INFORMATION SUPPLIED.
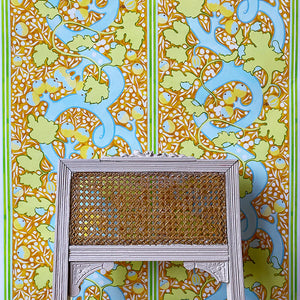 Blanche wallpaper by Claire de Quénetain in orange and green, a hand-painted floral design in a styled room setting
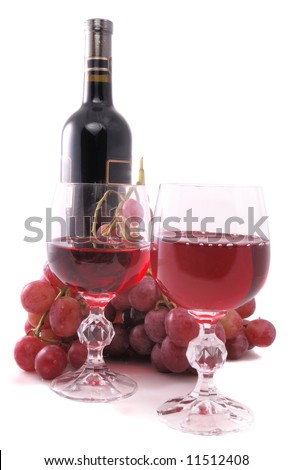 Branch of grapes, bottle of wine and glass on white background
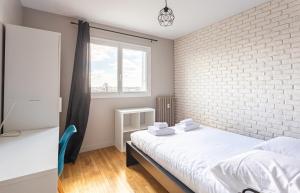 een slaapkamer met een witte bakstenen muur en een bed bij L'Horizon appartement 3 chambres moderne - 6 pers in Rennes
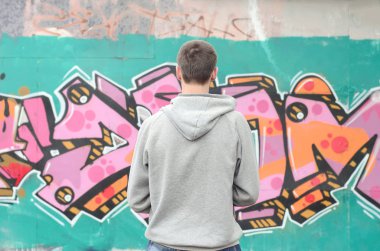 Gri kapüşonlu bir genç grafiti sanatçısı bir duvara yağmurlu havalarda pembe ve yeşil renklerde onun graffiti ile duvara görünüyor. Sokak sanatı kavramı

* * *

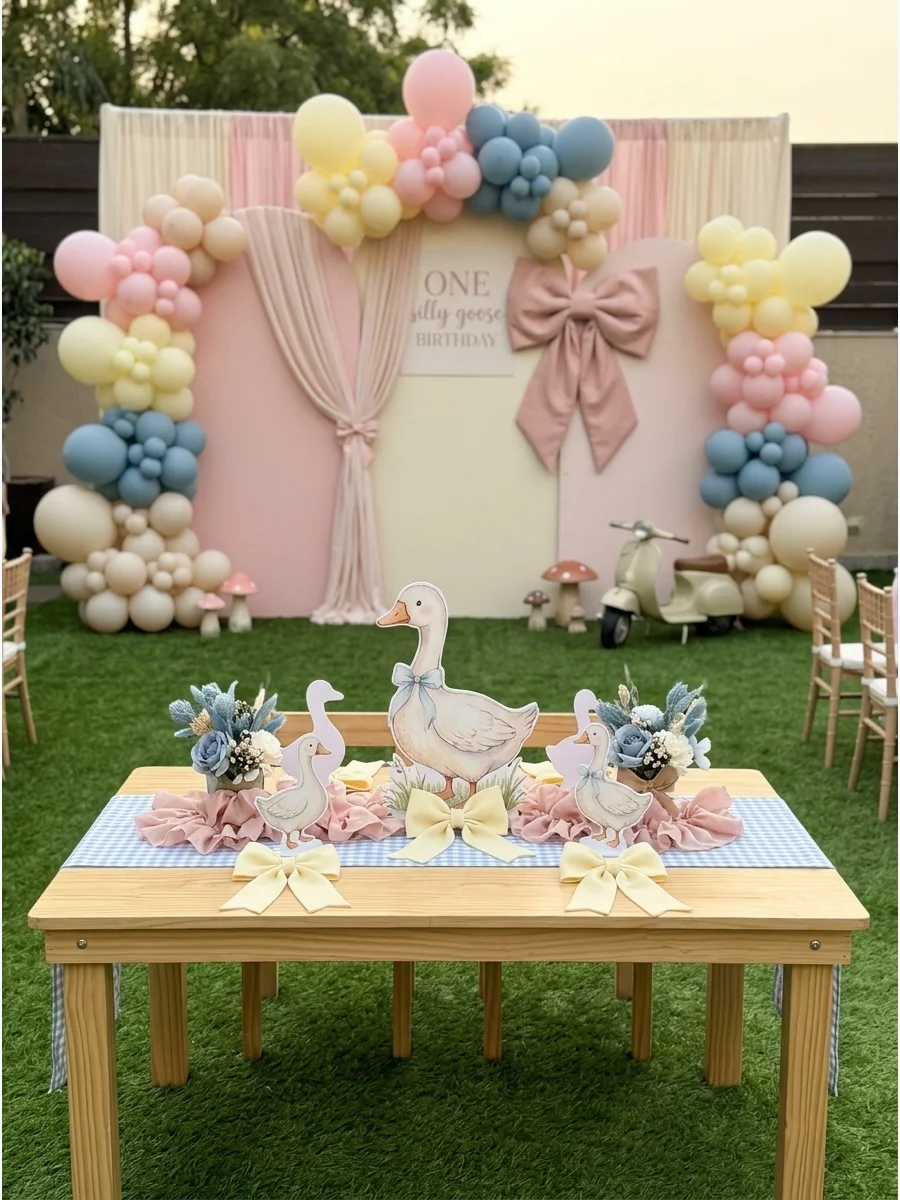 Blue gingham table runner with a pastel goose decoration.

---

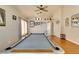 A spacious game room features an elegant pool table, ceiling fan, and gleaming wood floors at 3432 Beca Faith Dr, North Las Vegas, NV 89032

PROBLEM DESCRIPTION. Going by the entries above, repeat exactly the lines that start at the line with "Blanche wallpaper by" and go on through the line with "Gri kapüşonlu bir". Pictures are not part of the copy.

SOLVED PROBLEM.
 Blanche wallpaper by Claire de Quénetain in orange and green, a hand-painted floral design in a styled room setting
 Branch of grapes, bottle of wine and glass on white background
 een slaapkamer met een witte bakstenen muur en een bed bij L'Horizon appartement 3 chambres moderne - 6 pers in Rennes
 Gri kapüşonlu bir genç grafiti sanatçısı bir duvara yağmurlu havalarda pembe ve yeşil renklerde onun graffiti ile duvara görünüyor. Sokak sanatı kavramı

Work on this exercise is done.